ALY6000: Data Analysis
Data Analysis
项目类别:统计学

Hello, dear friend, you can consult us at any time if you have any questions, add  WeChat:  zz-x2580


ALY6000: Data Analysis

Overview and Rationale Being able to ask appropriate questions of data is an important part of the work of data analytics. It is also critical to be able to interpret the results of the analysis. This assignment is intended to familiarize you with the data sets and to get you thinking about key business questions you can answer from this data.
Module Outcomes This assignment is directly linked to the following learning:
• Investigate impacts of big data on industry
• Describe the evolution of big data
• Analyze data to complete a data rich and visually appealing report
Assignment Instructions Find one dataset that is of interest to you. Some places to find datasets include:
• The R Project for Statistical Computing
• Kaggle
• U.S. Government’s Open Data
• or your own data. Your data set should have at least 700, but less than 6000, records and eight (8) attributes and the data should not be “clean”. Part of this assignment will require you to clean the data yourself. Please see any accompanying Data Dictionary to understand the fields and values in your chosen dataset is available. The assignment has three parts.
Part I Please review the Data Dictionary document as you review the datasets if one is provided. In order to understand the data we first need to run some descriptive statistics on the data set. Start by providing the following for each appropriate variable in the dataset: 1. Summarize the data in a table.
Page 2 of 4

2. Graphs that help visualize the data. These can be bar charts, histograms, pie charts, etc. Be sure the chosen graph best represents the information you want to highlight. 3. Explain the story the data is telling you.
• What business question do your descriptive analyses answer? Provide a brief discussion of the findings.
• If there are any unusual values, discuss them. If data values are “out of range,” clean the data as needed.
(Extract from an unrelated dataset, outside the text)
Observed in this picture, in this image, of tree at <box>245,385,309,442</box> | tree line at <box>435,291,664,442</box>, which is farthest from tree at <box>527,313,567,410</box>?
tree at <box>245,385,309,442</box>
Delete the out of range values and run the analysis again.
• If you remove out of range values for any of the variables, present both the analysis with the out of range values and the analysis without the out of range value(s).
• Identify additional questions that the data is leading you to ask. What new attributes are needed to answer those questions?
Part II Create new attributes based on the data and the questions you identified in Part 1. For your data set, compute differences between appropriate variable values and create a new variable. For examples, if the data shows yearly sales for different years, by month, calculate the increase or decrease in sales from month to month. Then, compute the mean and median for each of the variables you have computed.
Part III Now that you have worked with the data, what is the data saying to you? What have you learned about the attributes? What are some follow-up questions you would like to have answered? Identify 3-5 observations or follow-up questions that you have.
What to Submit A presentation slide deck (5-8 slides not including Title and reference list slide) with your findings. Submit a single file with the following filename: _FinalProject.pptx
Format Your presentation must:
• Tell the story of your data through the use of descriptive statistics and visualizations.
o Remember your visualizations are the primary vehicle you'll use to convey information in an analytics presentation.
o Include very concise with written information that is highly connected to the points made in the visualizations as a Notes section on each slide.
• Properly cite all sources using APA citation rules.
Page 3 of 4

Appendix
Assignment Part I Section Example
Business Question: What is the distribution of the status of the 2017 GxP Audits?
Analysis:
Descriptives Table

Audit Status Frequency Percent Valid Percent

Valid Closed 19 19.8 19.8
Completed 4 4.2 4.2
In Progress 18 18.8 18.8
Scheduled 11 11.5 11.5
Pending 14 14.6 14.6
Not In Scope 26 27.1 27.1
Cancelled 4 4.2 4.2
Total 96 100.0 100.0

Audit Status Count


Page 4 of 4

Audit Status Percentages




Discussion: The data file includes information on 96 audits in 2017 for GxP areas. It is unclear if the data file includes all the known GxP audits in 2017 or if it only includes a subset. A large percentage of all GxP Audits (27.1%) are not in scope. 19.8% of audits are closed and 4.2% of audits are completed. It is unclear what the difference between “closed” and “completed” audits is. We should perhaps ask the client. Do we really need two distinct values? 18.8% of the audits are in progress, 11.5% are scheduled and 14.6% are pending. For the pending audits, the dates of the audit process have not been established. 4.2% of the audits were canceled. It may be interesting to have a notes field where the reasons for cancelation are noted.
留学ICU™️ 留学生辅助指导品牌
在线客服 7*24 全天为您提供咨询服务
咨询电话(全球): +86 17530857517
客服QQ:2405269519
微信咨询:zz-x2580
关于我们
微信订阅号
© 2012-2021 ABC网站 站点地图:Google Sitemap | 服务条款 | 隐私政策
提示:ABC网站所开展服务及提供的文稿基于客户所提供资料,客户可用于研究目的等方面,本机构不鼓励、不提倡任何学术欺诈行为。